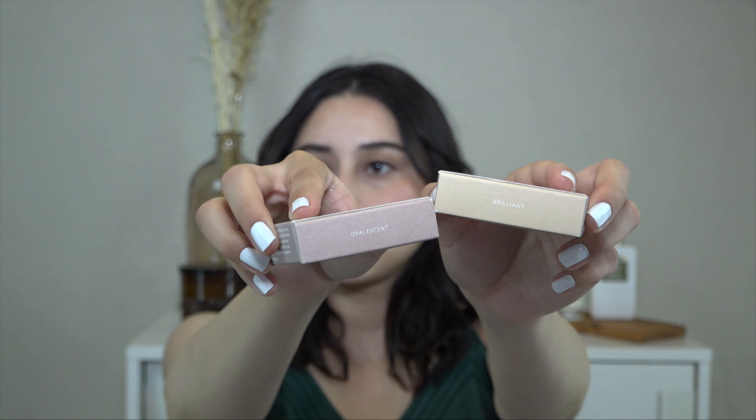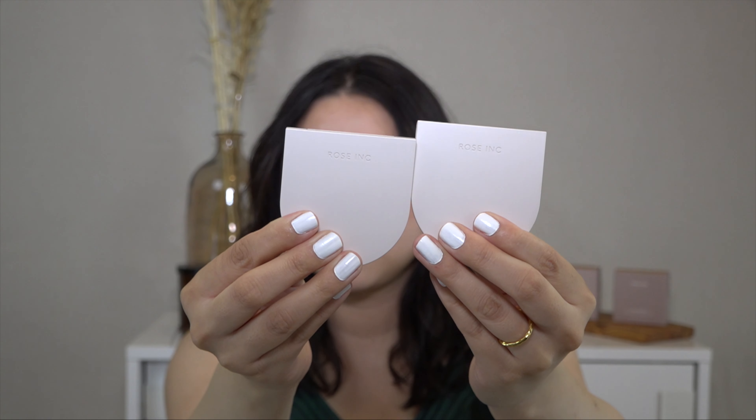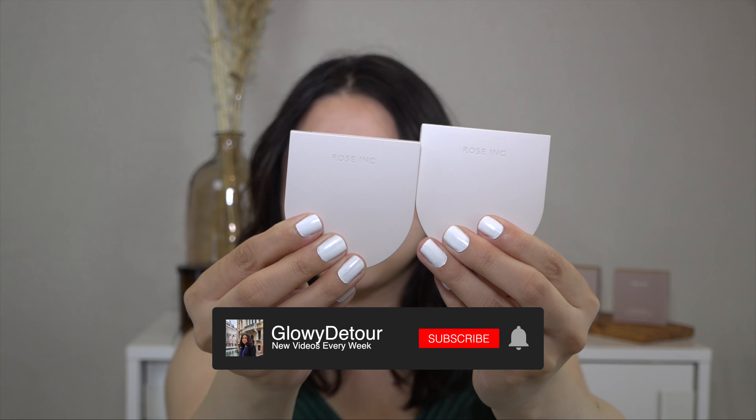Hi everyone, welcome to my channel. My name is Itzel and today we are going to be reviewing the new Rose Ink Highlighters.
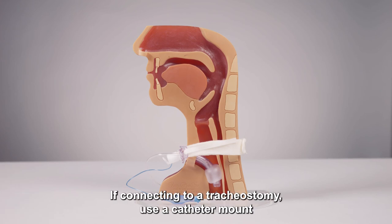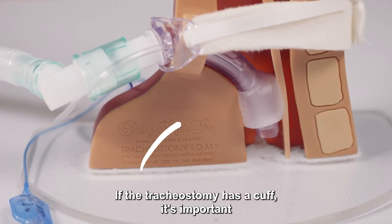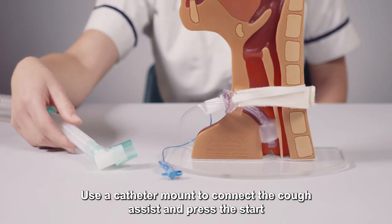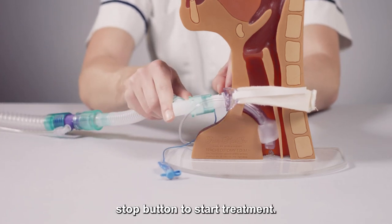If connecting to a tracheostomy, use a catheter mount or tracheostomy connector. If the tracheostomy has a cuff, it's important to inflate it to reduce the amount of air leaking from the site. Use a catheter mount to connect the Cough Assist and press the start/stop button to start treatment.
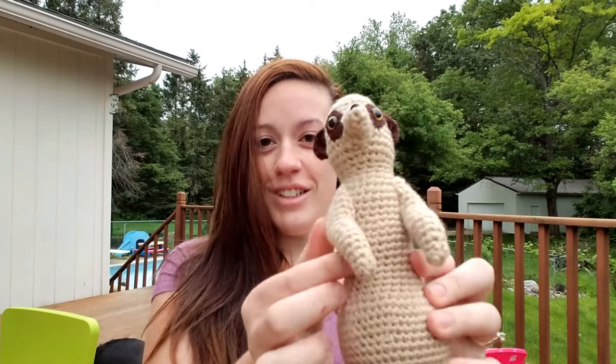I hope you get to meet him someday and he joins your Triple A Crochet collection. Bye.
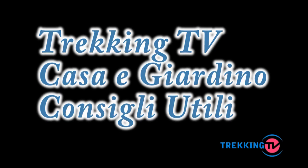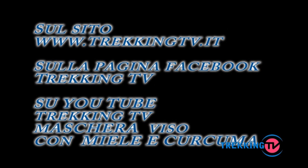Vi ringrazio per averci seguito e alla prossima! Ciao!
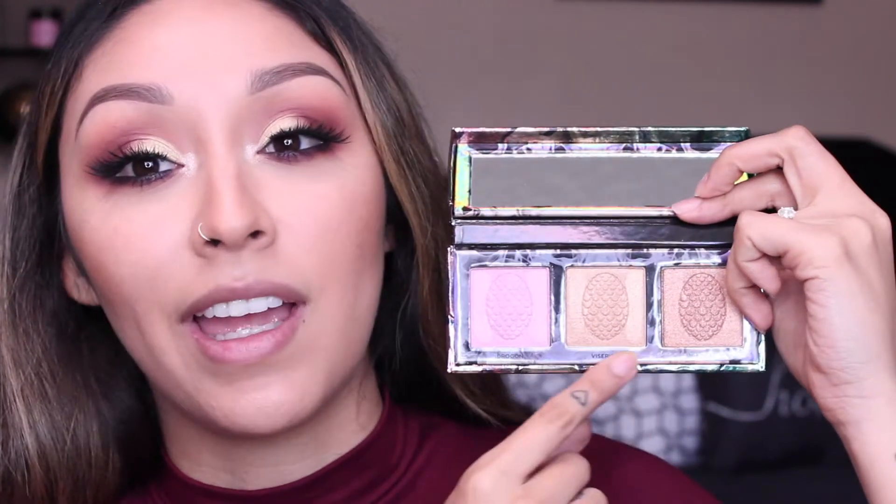Moving on to highlight — this is the Mother of Dragons highlight palette. The packaging on this is so cute. I love the detail of the dragon skin texture, like a dragon egg. It comes with a little mirror and has these three shades, and the little egg details are super cute.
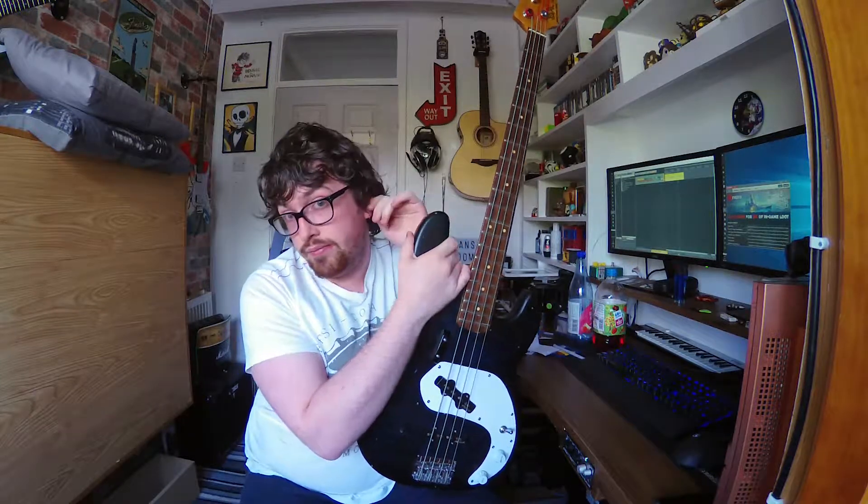I've been Ryan for Ryan's Guitarist Stuff. This has been my bass project. I might put a bone or brass nut on it, I'm not sure yet. That's been it — see ya.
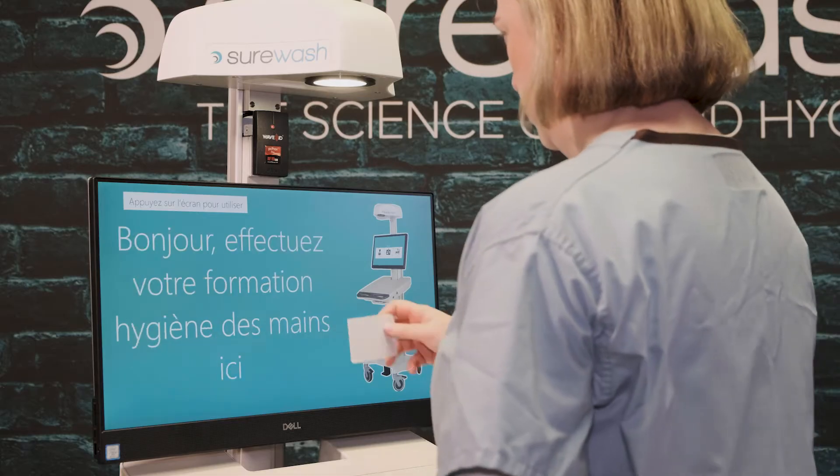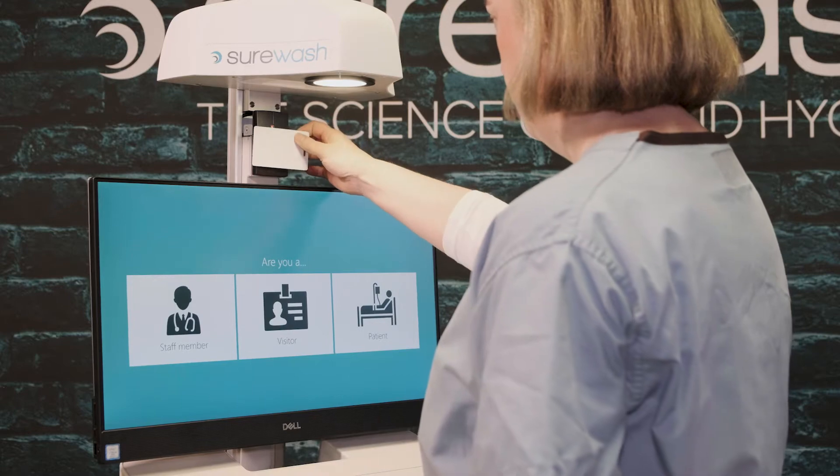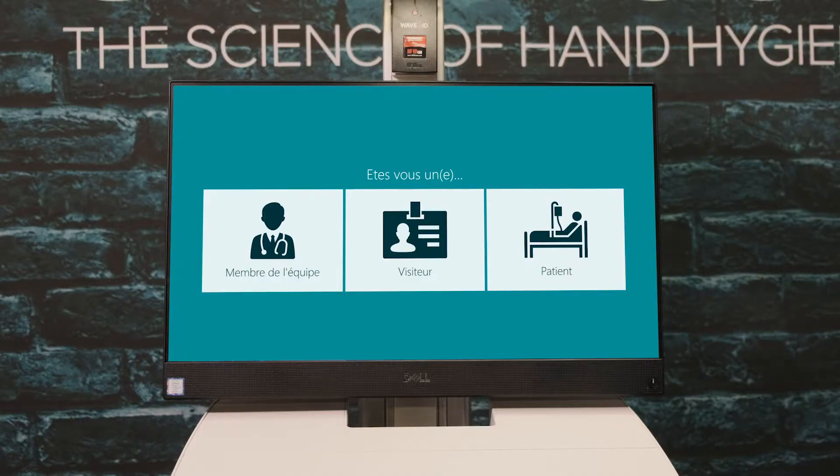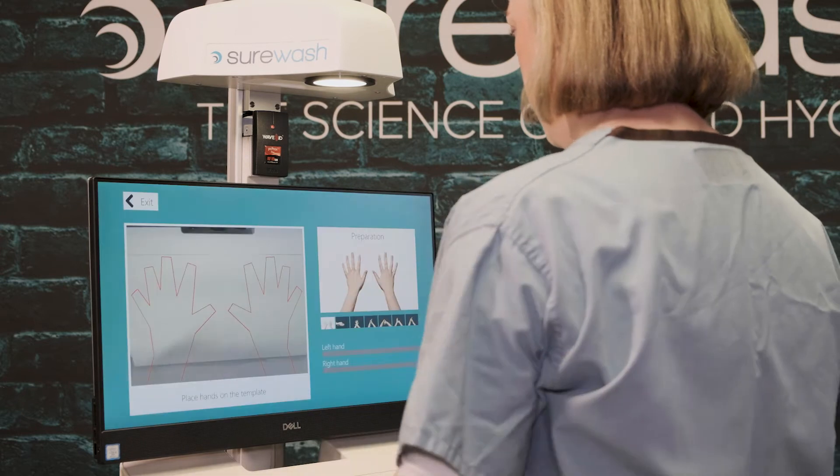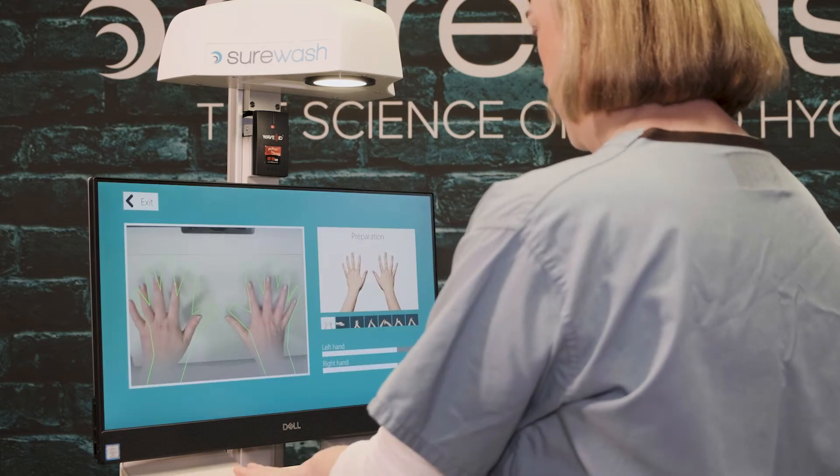To begin using Surewash, press the screen. You have the option to log in as a staff member, patient, visitor, athlete, or resident depending on your organization. You can log in by typing in your staff ID or by using the RFID badge reader located above the screen.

·····

Task to carry out:
An exact copy of the records above is needed, with the pictures removed.

Output for this exercise:
Hi everyone, welcome to my channel. My name is Itzel and today we are going to be reviewing the new Rose Ink Highlighters.
If connecting to a tracheostomy, use a catheter mount or tracheostomy connector. If the tracheostomy has a cuff, it's important to inflate it to reduce the amount of air leaking from the site. Use a catheter mount to connect the Cough Assist and press the start/stop button to start treatment.
I hope you get to meet him someday and he joins your Triple A Crochet collection. Bye.
Vi ringrazio per averci seguito e alla prossima! Ciao!
Moving on to highlight — this is the Mother of Dragons highlight palette. The packaging on this is so cute. I love the detail of the dragon skin texture, like a dragon egg. It comes with a little mirror and has these three shades, and the little egg details are super cute.
I've been Ryan for Ryan's Guitarist Stuff. This has been my bass project. I might put a bone or brass nut on it, I'm not sure yet. That's been it — see ya.
To begin using Surewash, press the screen. You have the option to log in as a staff member, patient, visitor, athlete, or resident depending on your organization. You can log in by typing in your staff ID or by using the RFID badge reader located above the screen.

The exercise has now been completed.